Took this when I was trying on all of my clothes from the previous summer. Hardly kept a thing!
Then I moved across the state and started a new job. A great job, but an extremely stressful job, with too many hours, too much stress, and no outlet. With my college routine shot to pieces, I scrabbled to make something resembling a new routine and clung on with both hands, managing to only gain 10 pounds of it back throughout the next year. But I knew that I was unhappy and incredibly unhealthy mentally, and I needed to make a change. I moved back across the state to Sioux Falls and managed to snag my dream job at a company that, finally, valued people more than profit. Finally, I was at a place where I could focus on getting healthy, in so many different ways.
Choosing Health vs. Weight
But sometimes you have to choose what you want to heal. And this time, I chose to heal my self mentally. Starting in March last year, I began a weekly counseling schedule to finally tackle the PTSD issues I had been for so long ignoring. This was the hardest thing I have ever had to do, and I turned to an old friend to comfort me… food. This time in the form of Swedish fish or Oreo McFlurries. Don’t ask my why, but after a difficult counseling session or the triggers that I simply couldn’t ignore any longer, all I wanted was comfort food. That would help me. And help myself I did.

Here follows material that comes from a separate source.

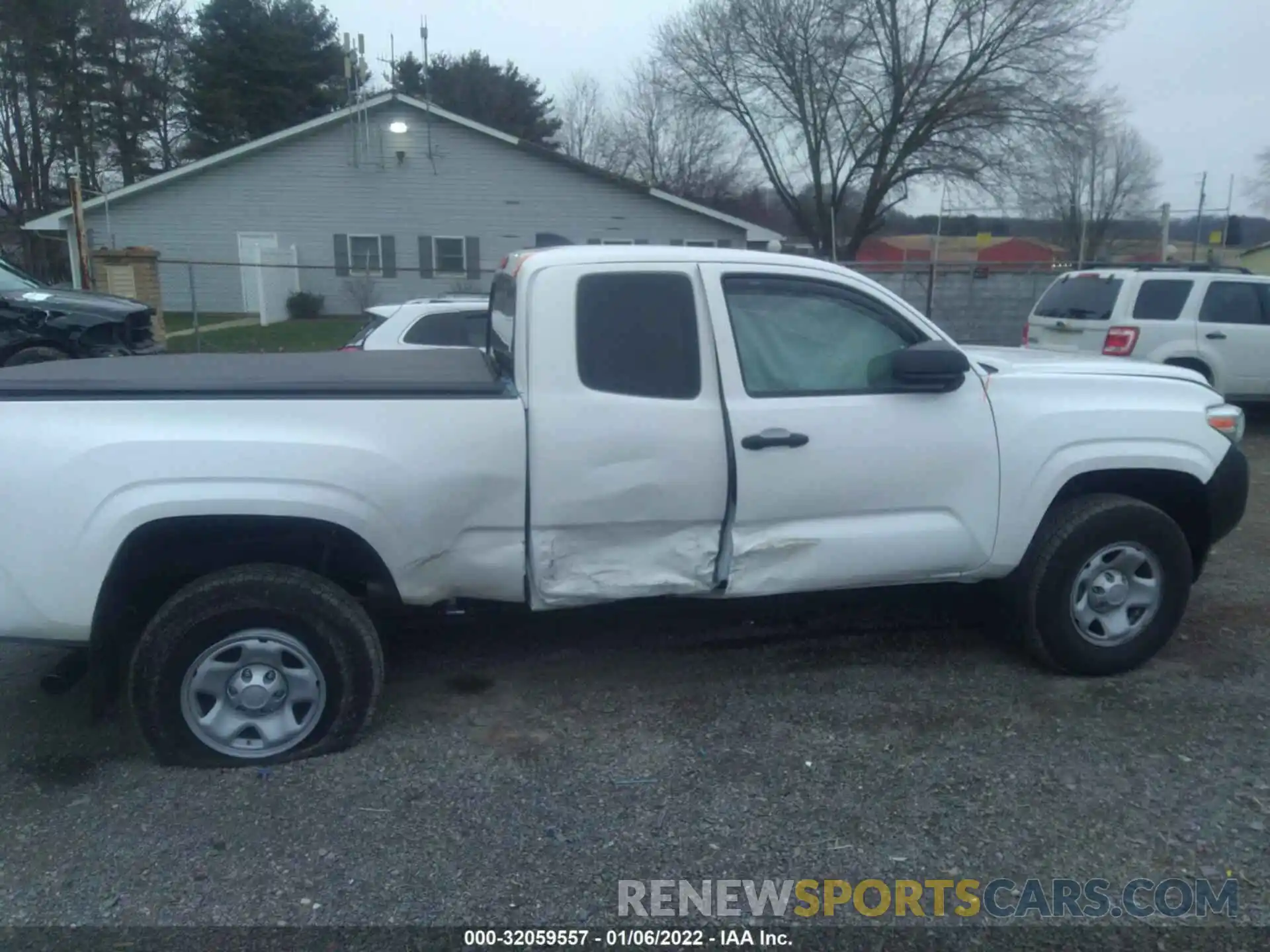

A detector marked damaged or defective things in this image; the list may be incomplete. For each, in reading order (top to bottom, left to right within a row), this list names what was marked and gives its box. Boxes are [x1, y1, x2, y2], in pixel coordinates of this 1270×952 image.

damaged dark suv [0, 258, 163, 368]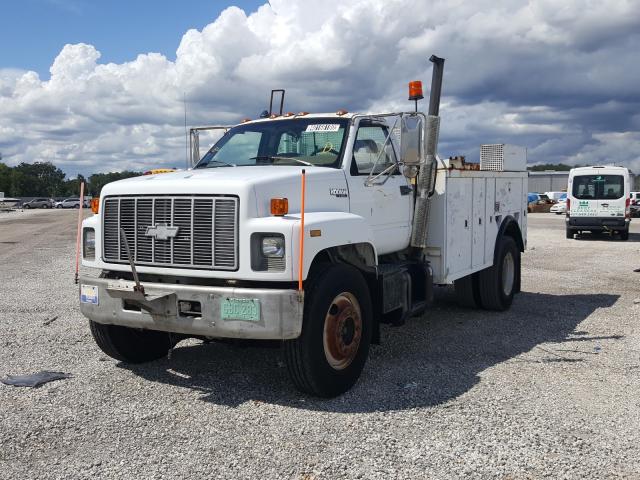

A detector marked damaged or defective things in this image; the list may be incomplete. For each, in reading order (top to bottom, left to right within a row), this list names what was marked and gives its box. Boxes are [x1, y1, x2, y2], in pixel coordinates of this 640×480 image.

rusty wheel [322, 290, 362, 370]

Over the last summer and fall, I gained 20 pounds, putting me within shooting range of my highest weight ever. But this time, it was different. Sure, I was uncomfortable. But this time, I wasn’t on pain medication. This time, I was in a healthy relationship. This time, I was in a healthy environment. Most of all, this time, I was in control. It didn’t always feel like it, but I knew I was doing what needed to be done. I wasn’t happy turning to food. But I was happier with myself overall. I knew I was headed in the right direction, even if the weight gain was a bit of a detour. My destination was sound.
I have made lots of lifestyle changes, sure, but I think the biggest change happened long before my moment of motivation in January.
The harsh comment came in on the beard photo from my Christmas Photobooth. But seriously, how many chicks can rock a Santa beard? Im going to go with “nailed it!”
Even through he was right and I had gained a lot of weight… I still really enjoyed these photos, and for once was able to see me and not my weight.
It happened when I identified that I was getting healthier, even if I was physically gaining weight. I started taking steps towards my unhealthy weight relationship breakup long before I made the physical changes that show it.